Eigentlich hätte die letzte Interschutz-Messe in ihrem üblichen Fünfjahresrhythmus bereits 2020 stattfinden sollen. Wegen der Corona-Pandemie wurde sie zwei Mal verschoben, jetzt war es wieder so weit: Im Juli trafen sich in Hannover Experten und Expertinnen aus dem Rettungsdienst, der Sicherheit sowie dem Brand- und Katastrophenschutz. Mit dabei: Prof. Dr. Hartmut Surmann, Master- und Bachelor-Studenten der Fachgruppe Informatik und als Exponate die Erkundungsdrohnen, die Surmann im Laufe der letzten zwei Jahre bei Rettungseinsätzen in Berlin (Großbrand, Trikon-Ausgabe 3/2021), in Erftstadt (Überschwemmungskatastrophe an der Ahr, Trikon-Ausgabe 5/2021) und in Essen (Wohnhausbrand, Trikon-Ausgabe 3/2022) im Einsatz hatte.

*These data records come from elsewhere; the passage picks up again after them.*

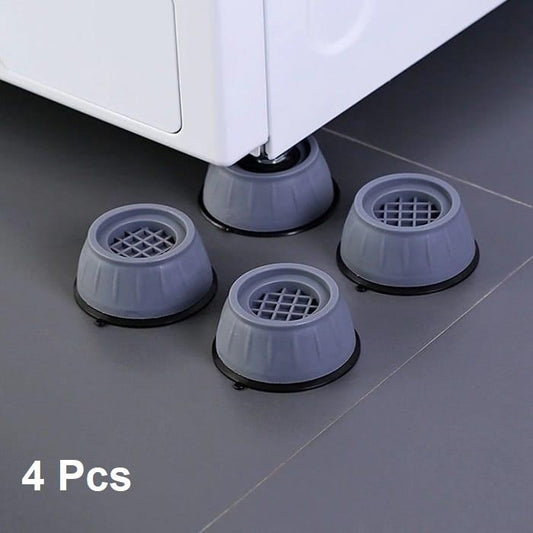 Anti-vibration Pads For Washing Machine - 4 Pcs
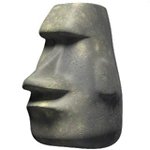 [모두드루와] <b>모아이</b> 석상이랑 곰돌이 케이크 닮은 내 <b>돌</b>.jpg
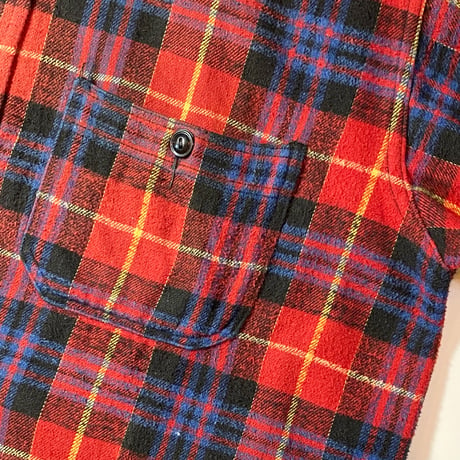 1930's〜 J.C.Penney Co. Flannel L/S Shirt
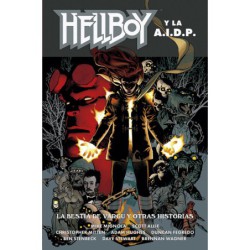 Hellboy 25. Hellboy Y La Aidp: La Bestia De Vargu Y Otras Historias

„Unsere Drohnen bieten zwei Besonderheiten“, so Surmann, „zum einen liefern sie mit 360-Grad-Kameras nicht nur beeindruckende Panoramen des Einsatzgeschehens, sondern auch raumzeitliche Koordinatenpunktwolken, aus denen sich die Lage extrem genau ermitteln lässt. Zum anderen sind die Drohnen so klein, dass sie auch in einsturzgefährdete und enge Innenräume fliegen können.“ Bei ihrem Einsatz in Essen nutzte Surmann eine FPV-Drohne, wobei die Abkürzung FPV für „First Person View“ steht und die Steuerung der Drohne aus der Perspektive eines virtuellen Piloten an Bord meint. Surmann: „Meinem Wissen nach war das der erste Realeinsatz einer FPV-Drohne mit 360-Grad-Kamera und der Erzeugung eines 3-D-Punktwolke-Modells des Innenraums.“ Entsprechend umlagert war der Messestand von Interessenten und Interessentinnen.

Bei der Messedokumentation auf Youtube sind ein 360-Grad-Video zu finden, wie ein Roboter eine Tür öffnet und einen Absperrhahn schließt (https://www.youtube.com/watch?v=089mcgHA4CE) und der Vortrag von Hartmut Surmann zum kombinierten Drohneneinsatz und zu digitalen Lagemodellen (https://www.youtube.com/watch?v=x9Ifo3ZTCy8).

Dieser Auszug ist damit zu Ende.